Ihr Wunsch werde erfuellt

@Uwe Niemeier

Vielen Dank fuer Ihre erklaerende Antwort. Gruss und schoene Festtage wuenscht Ihnen daumendrueckend und einen guten Flug wuenschend

\"Cello\"


Uwe Niemeier 22.12.2012 - 16:46

... also Cello, Sie geben ja selber die Antwort ...



Sie haben es mit einem weiblichen Beamten beim Migrationsdienst zu tun - na bitte, sag ich doch, die wollen nicht Ihre Registrierung sehen, sondern Sie als MANN - seien Sie stolz und glücklich.

Ich habe noch einen heißen Tipp für die Registrierung. Man kann das auch über die Post machen. Da brauchen Sie auch nicht mit. Aber aufpassen - wenn Ihr Foto im Pass sehr verlockend aussieht und eine Dame im Postamt ... na Sie wissen schon ...

Was die Kontoeröffnung anbelangt und die von Ihnen aufgeworfene Frage. Nein, das ist kein \"Durdom\", das ist Korruptionsbekämpfung. Damit will man vermeiden, das russische Beamte über \"Dritte\" Konten eröffnen um Geld zu parken, von denen der Staat nichts wissen soll. Beamte werden immer mehr verpflichtet ihre Vermögenslage gegenüber dem Arbeitgeber Staat offenzulegen. Und wenn wir (Nichtrussen) wollen, das die Korruption in Russland eingedämmt wird, müssen wir auch mit solchen Fragen einverstanden sein. Aber da die Bankangestellte diese Dokumente ausfüllt und Sie ja nur eine Unterschrift geben müssen, ist dies ja eine durchaus akzeptable Bürokratie.

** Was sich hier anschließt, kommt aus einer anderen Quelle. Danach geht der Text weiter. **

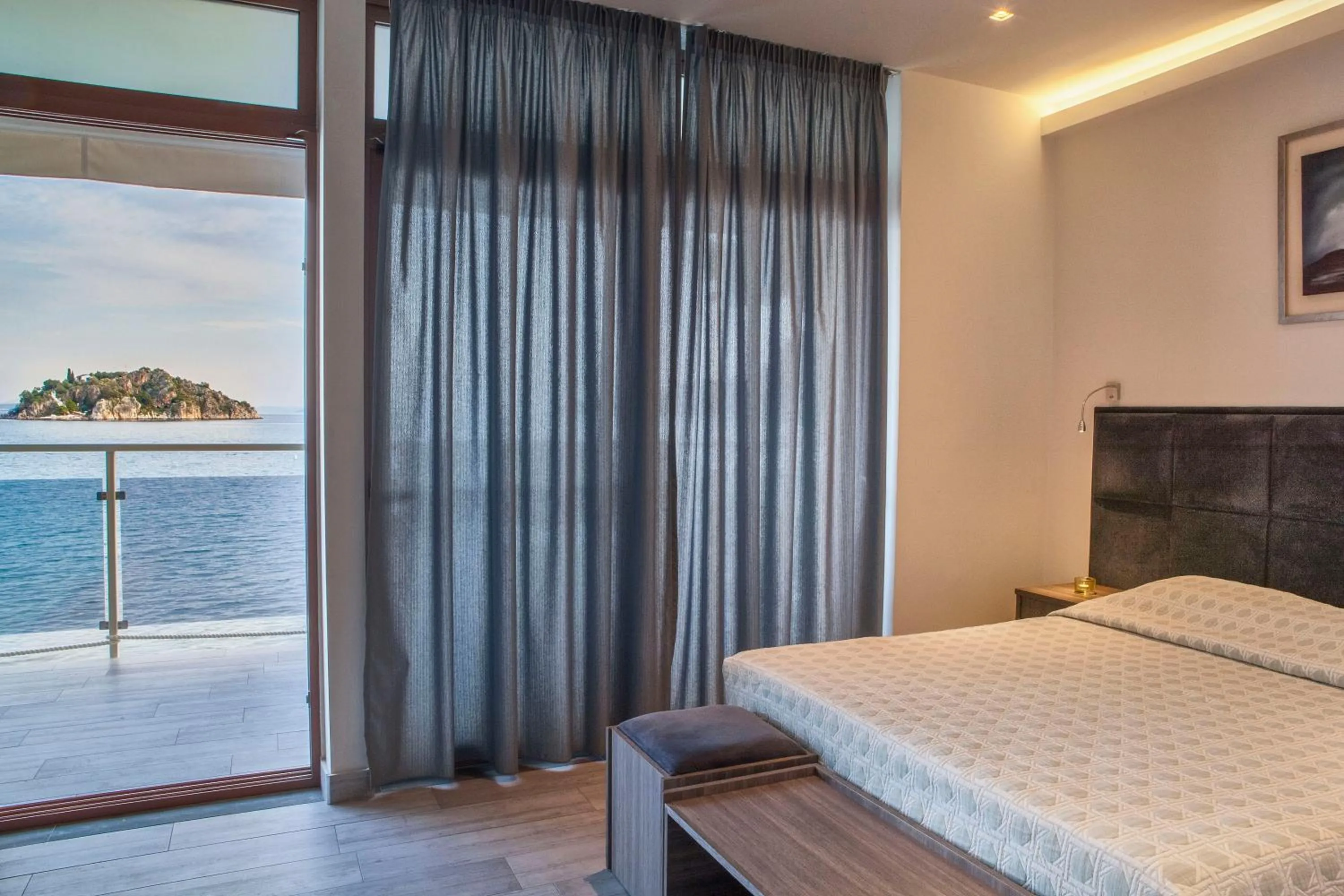 Balcony/Terrace, Bed in Mari Hotel & Maisonettes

Danke für die Wünsche zum Wochenende, aber morgen (Sonntag) ist die Nacht um 04.00 Uhr zu Ende. Zum einen wartet das Forum www.forum.aktuell.ru auf mein \"Kalingrader Wochenblatt\" und dann wartet um 07.00 Uhr mein Taxi zum Airport. Drücken Sie also als abschließende Bitte meinerseits die Daumen, dass es bei minus 16 Grad in Kaliningrad bleibt und kein Schnee fällt.


Cello 22.12.2012 - 16:25

@Uwe Niemeier

- Wenn Sie jedesmal zur Registrierung mitgeschleppt werden, so geschieht dies entweder aus Unwissenheit der Leute die Sie registrieren wollen oder weil es den Leuten ohne Sie einfach zu langweilig ist. -

Der Inspektor (weiblich) der UFMS wies jedesmal ausdruecklich auf meine Anwesenheit hin. Meine LP wollte mich 2 mal ohne meinem Beisein registrieren und kam jedesmal nach Hause, ohne Registratur, obwohl alle meine Papiere vorhanden und von Gueltigkeit waren.

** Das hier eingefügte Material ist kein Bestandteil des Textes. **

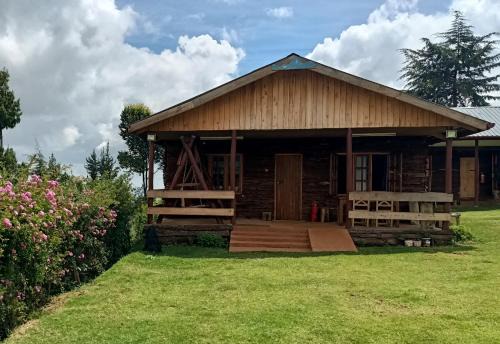 Nanyuki Apartment | The Wonky House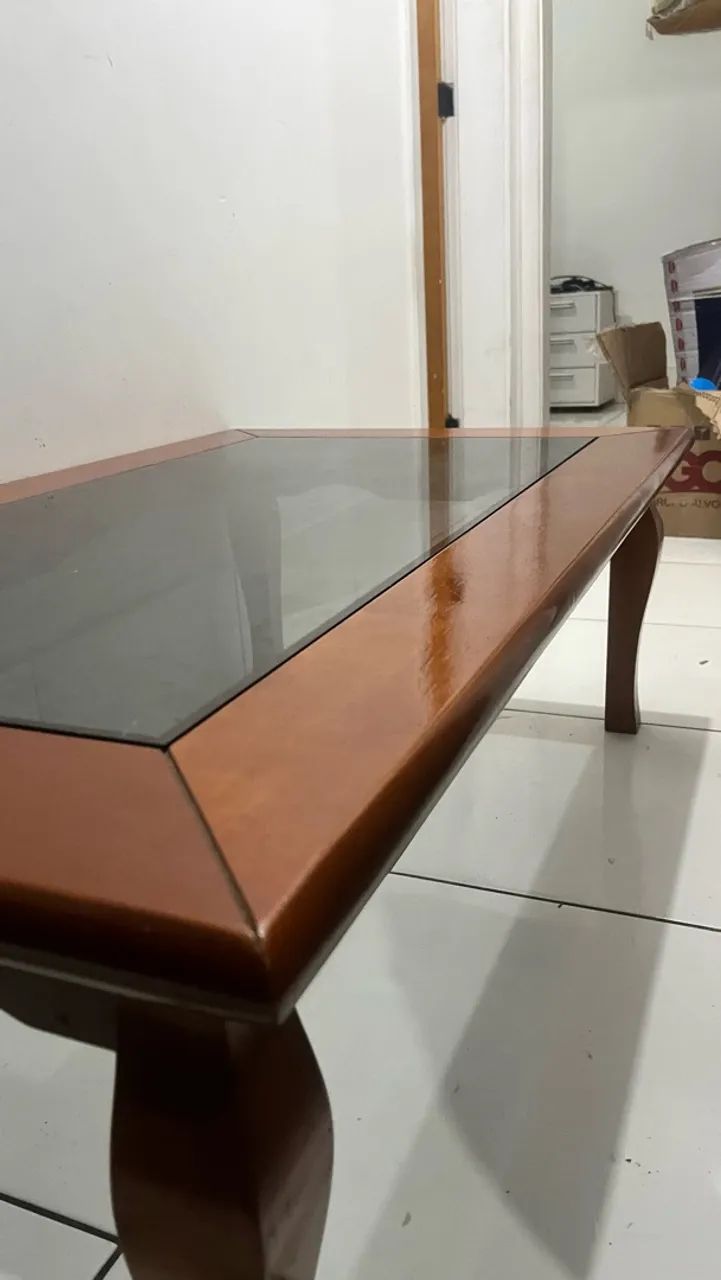 VENDO CONJUNTO DE MESA COM VIDRO + 2 CADEIRAS DE MADEIRA - Foto 5
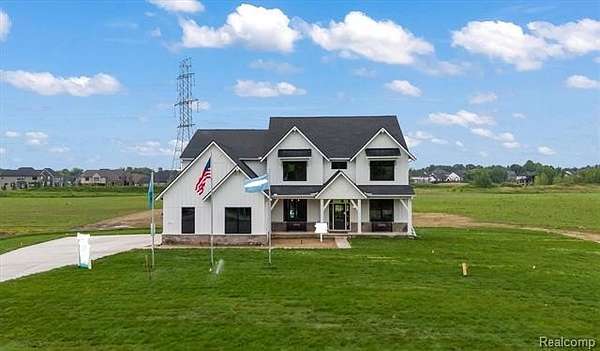 2 Acres of Land with Home for Sale in Oakland Charter Township, Michigan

Btreffend Kontoeroeffnung bei russischen Banken fiel mir auf, dass ich jedesmal nach eventuellen Staatsbediensteten innerhalb der Familie nachgefragt werde und nach Verneinung meinerseits muss ich das auch noch signieren! Wurde noch in keinem anderen Land danach gefragt. Auch Durdom?

- Mein Vorschlag: Ziehen Sie nach Kaliningrad und ich registriere Sie ohne Ihre persönliche Anwesenheit. \"Maroshenoje i Piroshenoje\" können Sie dann später ausgeben. -

Vielen Dank fuer Ihr wohlwollendes und freundliches Angebot, waere zu einem spaeteren Zeitpunkt sicherlich eine Uberlegung wert.

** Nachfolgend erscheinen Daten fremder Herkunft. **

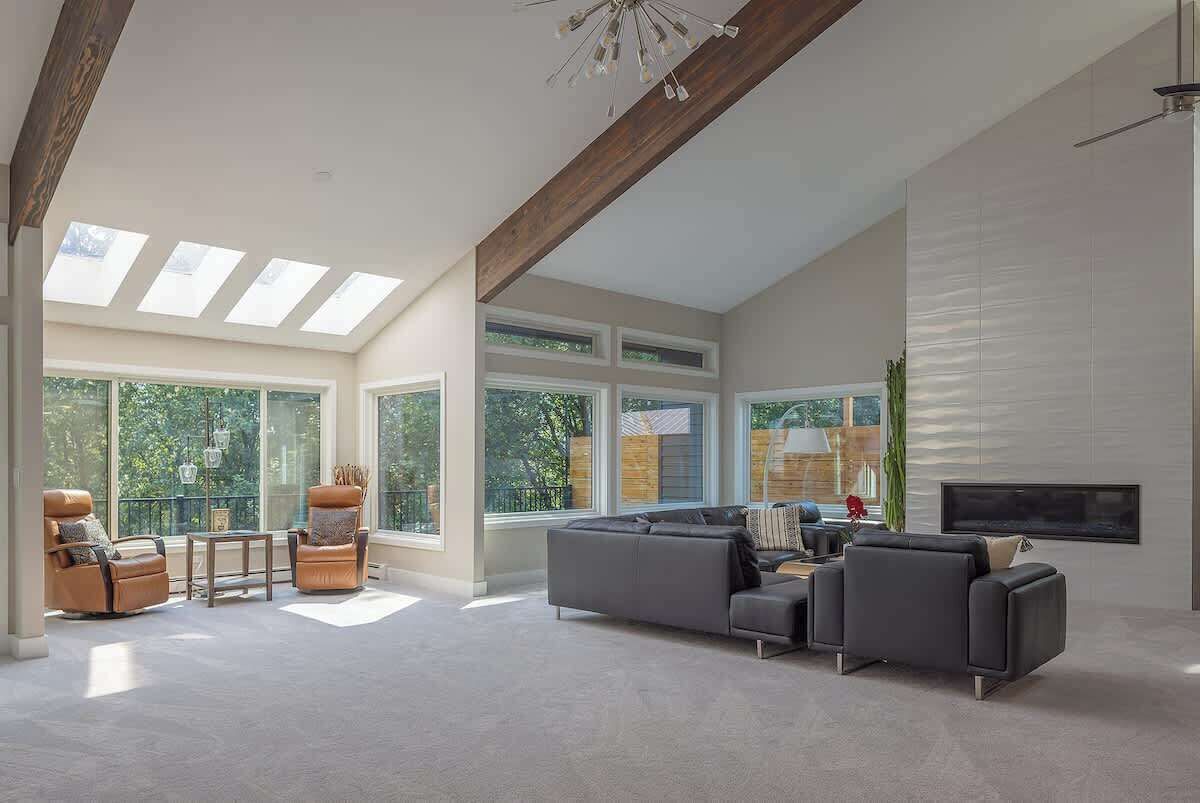 TV, fireplace, offices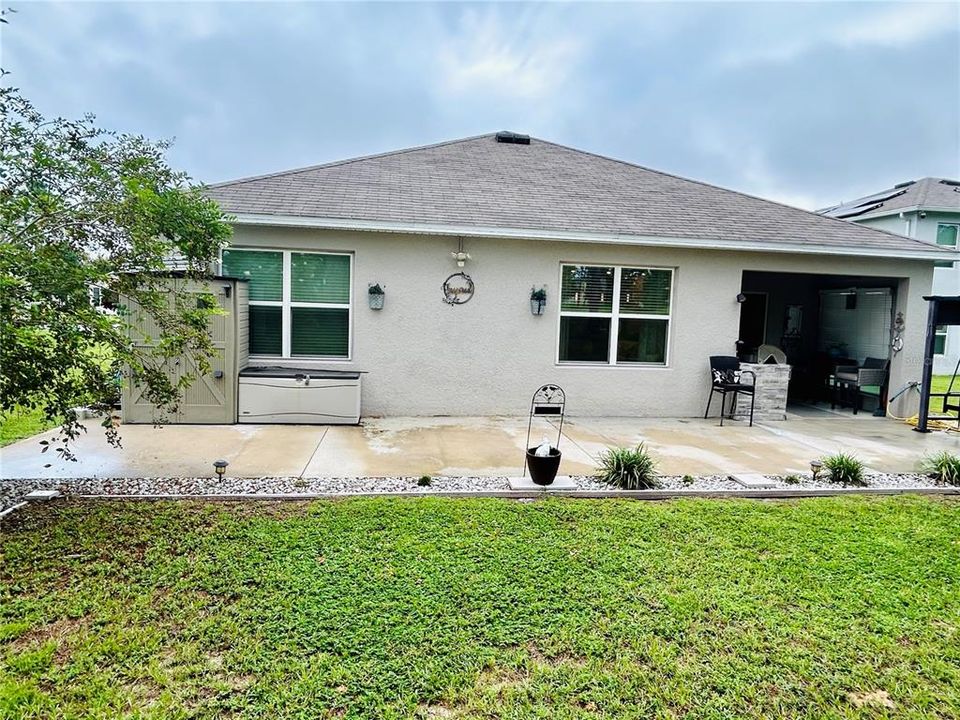 For Sale: $359,000 (4 beds, 2 baths, 1852 Square Feet)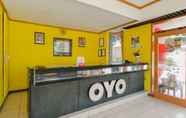 Lobby 7 OYO 1996 Koneng Hotel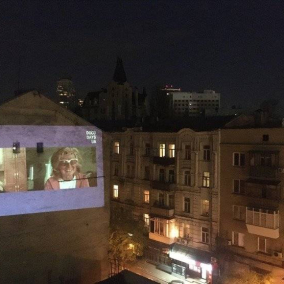 Фильм фестиваля Docudays показали на стене дома в Киеве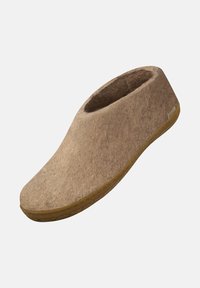 Bruna filttofflor med rund form, öppen häl och texturerad yta, med gummisula för grepp och hållbarhet.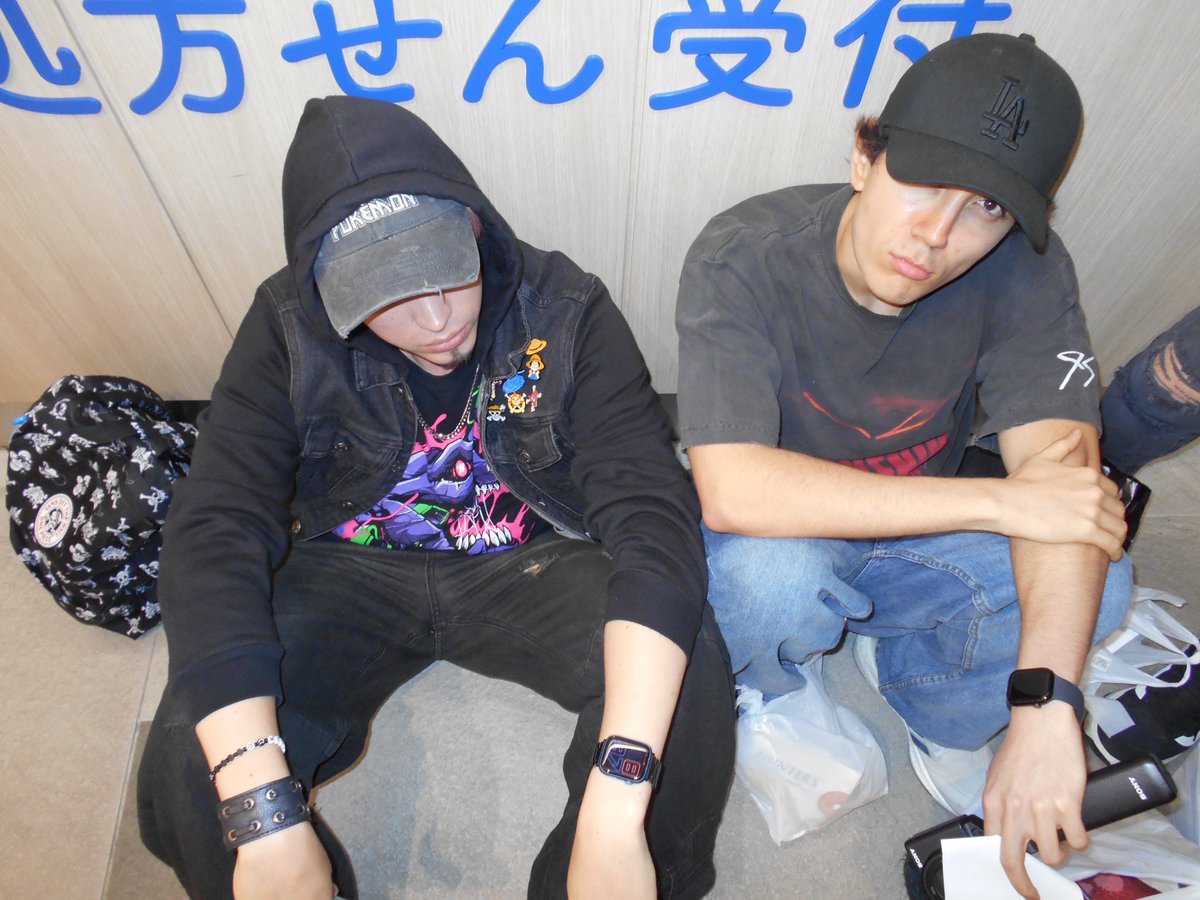 Roiereal's tweet image. esperando para comer sushi 🍣 寿司を食べるのを待つ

Schoenes Weekend und Etwas vorweihnachtliche Erholung sei Ihnen gegoennt


Uwe Niemeier 22.12.2012 - 14:18

... ich sagte ja schon, Cello ...


... die Registrierungspflicht für Ausländer ist \"Politik\". Wenn Sie das als \"Durdom\" bezeichnen wollen wird Ihnen noch nicht mal der Chef des Migratinsdienstes widersprechen.

Ein Russe muss sich nicht an- und abmelden, wenn er mal für drei Tage oder drei Wochen irgendwohin fährt. Meldepflichten bestehen ab drei Monaten - werden in der Praxis aber sehr lasch gehandhabt. Der Russe ist aber selber sehr stark an der Ummeldung oder Anmeldung an einem neuen Ort interessiert, da er ohne diese Anmeldung kein Konto in der Stadt eröffnen kann, keinen Auto-Kaufvertrag unterschreiben kann, kein Auto in der Stadt zulassen kann, keine Arbeit aufnehmen kann usw. Also kurz, die russische Gesetzgebung ist zu den Ab- und Annmeldepflichten der deutschen Gesetzgebung sehr ähnlich.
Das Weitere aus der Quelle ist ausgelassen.